With Villey, Mr. Denny seems to want to remove religion from the sphere of the world and make it merely a matter of concern for the individual soul. The Church propounds no technical economic system or model, but she does speak to the moral character, which even monetary transactions have. The economy is not something ordered simply to itself; it is not exempt from morality or the cultural and religious order; it too is governed by the laws of God found in revelation and in natural law. The Church, as the moral teacher of mankind, teaches men how to act justly in the economic sphere. To quote Quadragesimo Anno, the Church "never can relinquish her God-given task of interposing her authority, not indeed in technical matters, for which she has neither the equipment nor the mission, but in all those that have a bearing on moral conduct. For the deposit of truth entrusted to Us by God, and our weighty office of propagating, interpreting and urging in season and out of season the entire moral law, demand that both social and economic questions be brought within Our supreme jurisdiction, in so far as they refer to moral issues."
And why? Because the economic order, as all else, has an end assigned it by God. This end, says Pope Pius, fits within a "teleological order" by linkage to which "we shall be led by progressive stages to the final end of all, God Himself, our highest and lasting good." Thus, even the natural aspects of society, including its political and economic aspects, have ultimately a moral and even theological character. It is the task of the Church to speak to these and to guide all things to their ultimate end in God.

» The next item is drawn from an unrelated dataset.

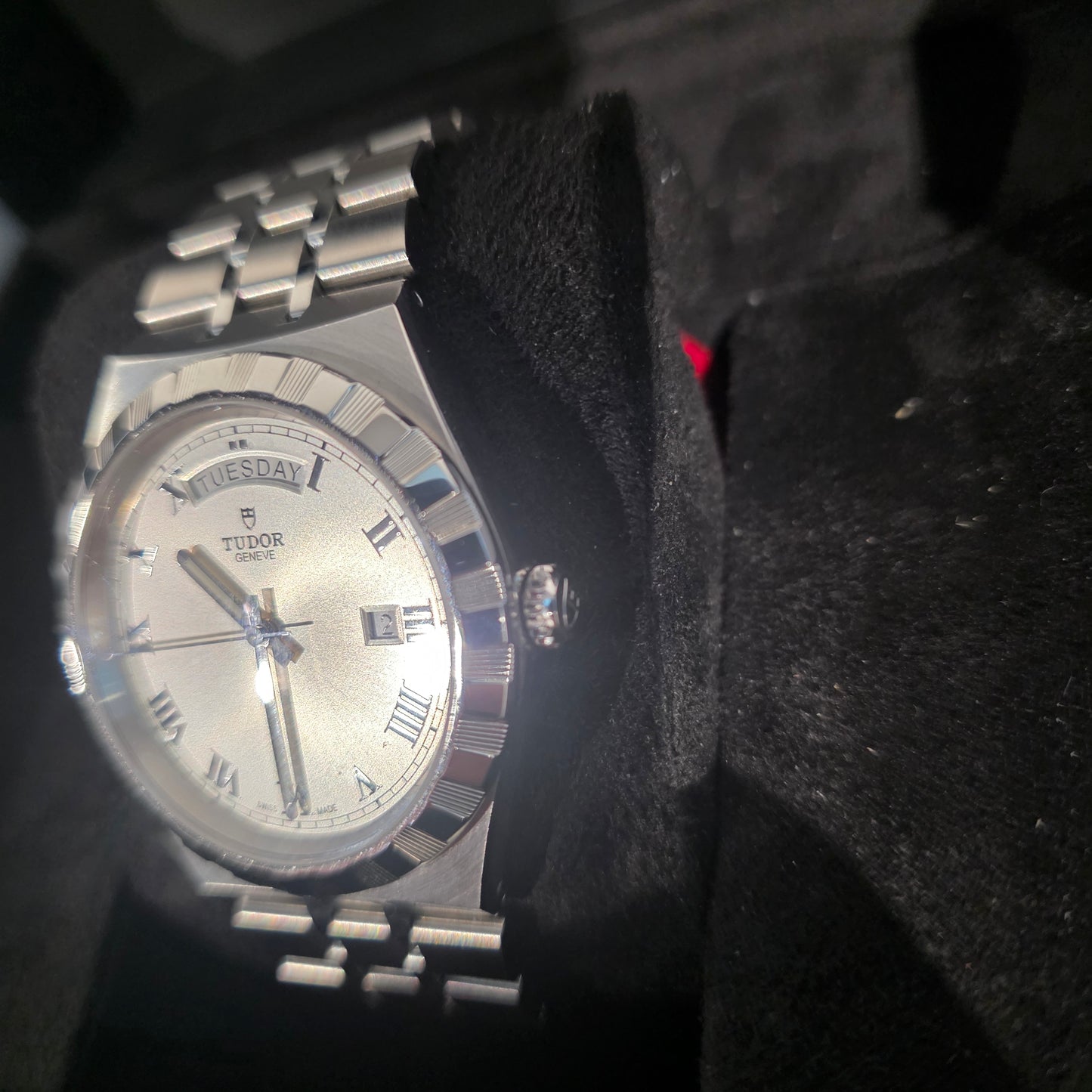 TUDOR Royal 41 mm acier, référence M28600-0001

As to speculation which the Catholic Encyclopedia article cited by Mr. Denny defines as "the investing of money at a risk of loss on the chance of unusual gain" it is like usury insofar as its goal is not a just gain, but the highest possible gain. The price set by speculation is not gauged by real human need (either of the seller or buyer) and thus not by any real value. Like usury, it ignores the principle of the just price.
I have no space to answer all of Mr. Denny's points; but I think he did not fully understand what was said in the article. But I will leave that to the reader's judgment. However, I have read the articles he cites, which purportedly show support for capitalism among later scholastic theologians. But even if the articles demonstrate such a support for capitalism (and I don't think they do), so what? If a bevy of late scholastic theologians disagree with the popes on matters of moral teaching, it is not the popes who are to be judged by the theologians, but they by the popes. And what's true for the theologians, is trebly true for Murray Rothbard and the whole Austrian school of economics.